Deliberate practice is the prefect venue for the simulation of the environment of disorder that often leads to emotionally charged and unsound decisions due to a lack of preparation and experience.

Incremental Effort and Improvement is the Way Forward

No degree of technological development or scientific calculation will overcome the human dimension. Situational awareness has always been a keystone to organizational readiness. Much like a soldier, the focus of the discipline is on equipping the person with the situational awareness needed to limit the mistakes that are certain to occur.  

As cybercriminals continue to become more sophisticated and the threat perimeter expands, situational awareness has become even more critical to a cyber defense equipped to make rapid decisions in a growing environment of chaos and uncertainty!

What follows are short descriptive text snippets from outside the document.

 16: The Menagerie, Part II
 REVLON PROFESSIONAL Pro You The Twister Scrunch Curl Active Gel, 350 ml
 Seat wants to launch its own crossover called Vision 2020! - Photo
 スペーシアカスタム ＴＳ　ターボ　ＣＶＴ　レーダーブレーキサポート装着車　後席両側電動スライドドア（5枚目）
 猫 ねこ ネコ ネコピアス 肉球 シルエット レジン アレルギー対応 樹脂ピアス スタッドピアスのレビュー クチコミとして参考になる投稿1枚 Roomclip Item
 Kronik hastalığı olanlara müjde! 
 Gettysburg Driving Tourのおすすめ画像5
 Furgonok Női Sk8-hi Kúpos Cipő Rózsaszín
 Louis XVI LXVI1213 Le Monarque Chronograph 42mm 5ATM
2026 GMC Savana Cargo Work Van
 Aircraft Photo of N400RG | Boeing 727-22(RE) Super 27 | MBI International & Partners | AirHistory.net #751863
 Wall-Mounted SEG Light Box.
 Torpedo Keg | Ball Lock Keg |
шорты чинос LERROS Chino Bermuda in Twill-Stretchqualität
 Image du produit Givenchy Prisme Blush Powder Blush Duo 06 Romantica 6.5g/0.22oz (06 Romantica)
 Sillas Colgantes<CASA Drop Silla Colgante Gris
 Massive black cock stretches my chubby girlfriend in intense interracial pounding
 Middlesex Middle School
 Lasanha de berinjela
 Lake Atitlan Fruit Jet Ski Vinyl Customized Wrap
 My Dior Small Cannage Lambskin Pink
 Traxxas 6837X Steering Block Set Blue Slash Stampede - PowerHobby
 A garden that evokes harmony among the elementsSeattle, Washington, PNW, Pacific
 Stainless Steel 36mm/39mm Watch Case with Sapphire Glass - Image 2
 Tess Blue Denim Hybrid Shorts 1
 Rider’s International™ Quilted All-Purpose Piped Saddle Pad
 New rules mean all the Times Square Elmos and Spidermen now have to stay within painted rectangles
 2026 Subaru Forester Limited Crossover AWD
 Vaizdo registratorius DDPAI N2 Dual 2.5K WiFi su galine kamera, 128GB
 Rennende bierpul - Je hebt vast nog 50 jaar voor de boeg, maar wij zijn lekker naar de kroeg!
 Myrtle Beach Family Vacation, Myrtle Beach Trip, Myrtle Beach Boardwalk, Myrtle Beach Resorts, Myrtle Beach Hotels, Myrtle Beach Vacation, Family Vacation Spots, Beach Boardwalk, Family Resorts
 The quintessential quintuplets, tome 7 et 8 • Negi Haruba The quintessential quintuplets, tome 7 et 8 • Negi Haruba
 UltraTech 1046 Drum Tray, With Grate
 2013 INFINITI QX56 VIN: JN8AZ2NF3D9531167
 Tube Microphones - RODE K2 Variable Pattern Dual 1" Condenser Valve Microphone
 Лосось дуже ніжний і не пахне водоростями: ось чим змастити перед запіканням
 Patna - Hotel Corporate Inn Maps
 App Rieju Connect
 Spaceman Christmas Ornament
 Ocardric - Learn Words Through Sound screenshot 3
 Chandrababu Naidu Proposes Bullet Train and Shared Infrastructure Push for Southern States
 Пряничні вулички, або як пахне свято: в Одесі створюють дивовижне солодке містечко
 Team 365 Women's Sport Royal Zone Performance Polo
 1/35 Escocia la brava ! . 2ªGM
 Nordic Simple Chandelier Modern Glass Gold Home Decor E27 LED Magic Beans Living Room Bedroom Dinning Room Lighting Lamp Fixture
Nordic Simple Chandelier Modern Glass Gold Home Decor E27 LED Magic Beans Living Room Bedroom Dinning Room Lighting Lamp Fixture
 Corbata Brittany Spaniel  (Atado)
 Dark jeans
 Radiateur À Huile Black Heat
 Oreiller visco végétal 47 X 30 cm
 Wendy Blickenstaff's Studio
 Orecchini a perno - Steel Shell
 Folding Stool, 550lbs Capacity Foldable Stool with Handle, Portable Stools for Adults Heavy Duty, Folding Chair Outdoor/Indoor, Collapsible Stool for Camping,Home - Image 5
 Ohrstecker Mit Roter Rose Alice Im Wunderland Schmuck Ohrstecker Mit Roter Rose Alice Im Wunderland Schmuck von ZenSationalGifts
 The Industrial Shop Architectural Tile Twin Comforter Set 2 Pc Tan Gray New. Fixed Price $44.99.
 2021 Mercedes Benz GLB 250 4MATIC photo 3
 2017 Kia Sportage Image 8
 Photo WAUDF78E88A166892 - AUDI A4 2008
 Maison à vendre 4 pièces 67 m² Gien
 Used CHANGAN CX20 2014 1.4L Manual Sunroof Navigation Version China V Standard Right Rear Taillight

Improving situational awareness requires commitment to the effort and that effort can sometimes appear daunting. However, what is more daunting is the effort, expense and reputational damage associated with the public disclosure of a breach caused by the failure to detect anomalous behavior that might have been detected early by improved situational awareness.


[i] In The Art of War by Sun Tzu, one of the five elements of the framework is “Conditions”: things that will always

exist in the operational environment but cannot be controlled by either force. Such is the case of the four Human and Environmental factors. However, as with any “Condition,” the relationship to that which cannot be controlled can be adjusted such that favorable opportunities become available.